'Many staff felt that it would be good to incorporate resource creation into learning and teaching in higher education practice (LTHE – HEA accredited postgraduate programme designed to meet the needs of those new to teaching). This would make OER sustainable in the long term.
The costs of producing OER would then just be a part of training with getting staff to think about copyright and IPR from the very beginning: ‘a basic educational need which has now been highlighted as necessary anyway’.'
Open Exeter project final report, University of Exeter
Cultural issues have been identified as significant in relation to if and how people share learning and teaching resources. Different institutions, sectors and subject communities may all have their own ‘established practices’ around sharing teaching practice and learning materials. Academics may feel more connected to the culture of their subject discipline or professional community of practice than to the institutional culture.
In HE it could be argued that there is no such thing as an institutional culture as many sub-cultures exist, often related to different institutional roles, with traditions and approaches that can be more persuasive than strategy and policy documents. Some of these traditions or practices can result in slow take up of new approaches or ideas.
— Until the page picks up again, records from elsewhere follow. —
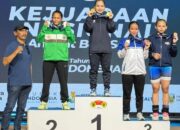 Lifter angkat besi putri Jambi Juliana Klarisa berhasil meraih tiga medali emas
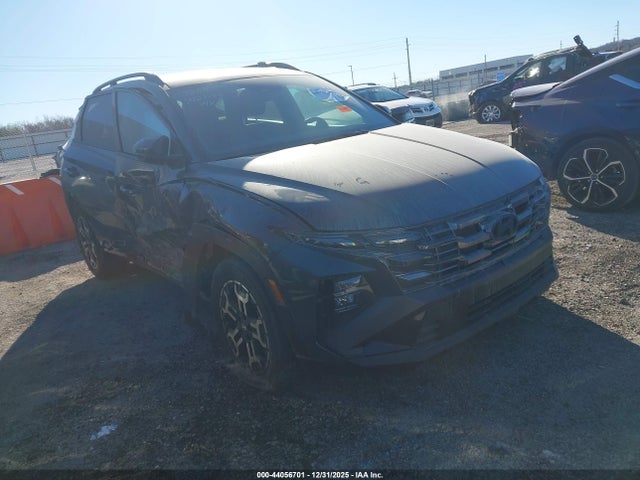 Salvage Hyundai TUCSON Image
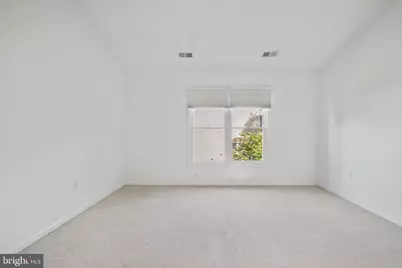 11565 Hill Meade Lane, Woodbridge, VA 22192 - Photo 10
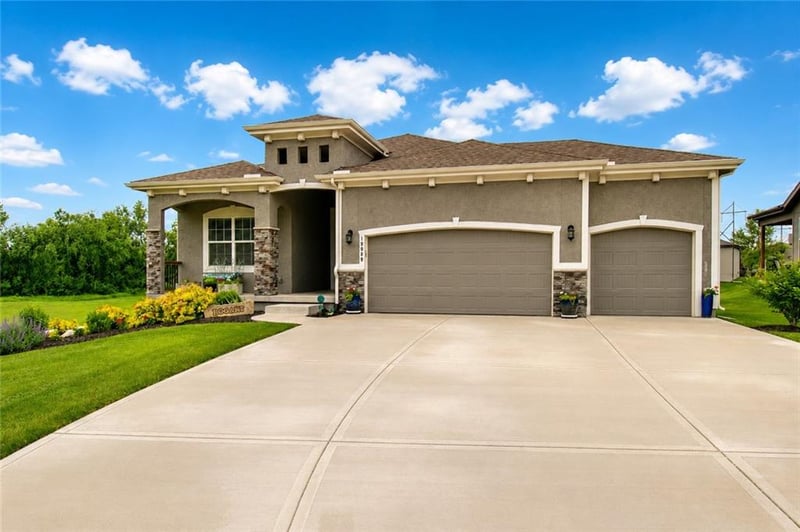 19006 Millview St, Spring Hill, KS 66083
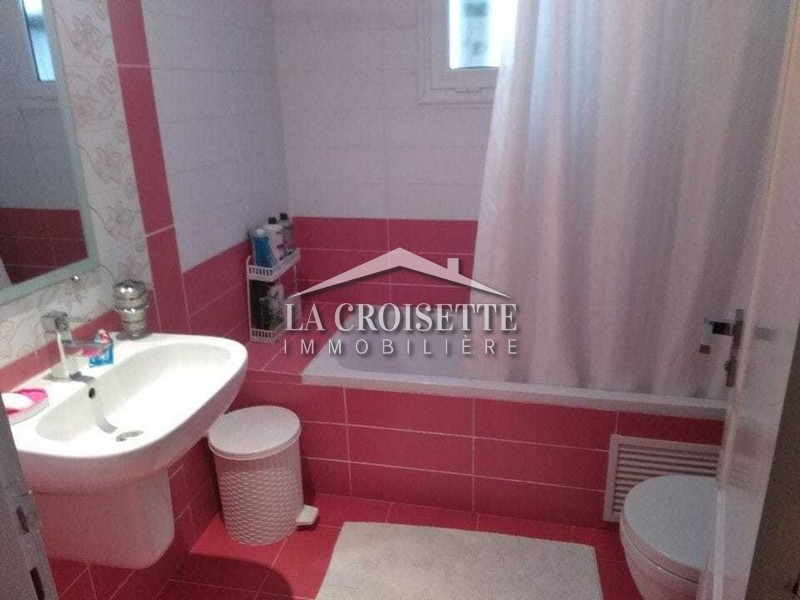 Un appartement richement meublé à la Soukra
The open movement in particular challenges people and groups to change their existing practice, and patchy development is quite likely in large institutions with many sub-cultures. An institution-wide approach to staff development and support can help to address some of these cultural barriers and encourage OER release and use but some institutions may choose to mandate such activities to move forward.
The following studies discuss cultural issues around sharing learning materials in more detail:
- Community dimensions of learning object repositories CD LOR
- Trust in digital repositories TRUST DR
- Sharing e-learning content
- Jisc’s Good Intentions report
Jisc/HE Academy pilot programme: OER release
The Jisc/HE Academy UKOER programme provided funding and support to enable individuals, subject communities and institutions to openly release existing materials. The lessons learned, approaches adopted and barriers overcome are informing the wider community and offer models and guidance to support wider release in the UK. As anticipated, cultural issues emerged as significant factors affecting both release and use.
UKOER projects invested significant time and resources into engagement activities with staff, highlighting the benefits of releasing and using OER and offering guidance and support to change their own practice. During phase two of the programme the notion of open educational practices (OEP) emerged as a growing area of focus in the UK and wider learning and teaching communities.
The evaluation and synthesis team published a briefing paper which aimed to clarify some of the aspects emerging from the UKOER programme open practices briefing paper. OEP challenge existing cultures of academic institutions and subject areas, while at the same time upholding some values that are very long-established (such as public access to knowledge, transparency of research methods, and open peer review).
'Some institutions and subject areas are embracing the open agenda wholeheartedly while others remain sceptical, for reasons that may be historical or cultural, or may simply reflect the personal views of key players.
It seems likely that the benefits of ‘opening up’ will accelerate as the volume of available resources grows, and that there may be a tipping point beyond which open access becomes the norm and special processes will have to be applied to keep learning, research and knowledge transfer materials in a closed environment. But we are some way off this yet, and work is still needed to define and communicate the benefits.'
Open practices briefing paper, 2011
There are different cultures of openness at different institutions and in different sectors (see the open practice across sectors briefing paper) but we can identify some common issues that arise across all the different practices we have described. Addressing these issues in a conscious and strategic fashion is likely to help institutions move towards more open practices in a managed way.
These issues include legal, technical, cultural and staff roles and responsibilities – culture change around OEP is complex but the UKOER programme highlights that engaging with OER can encourage and support culture change (for individuals, communities and institutions) and result in interesting conversations about broader learning and teaching activities, changes in strategy and policy and enhanced learning experiences for students.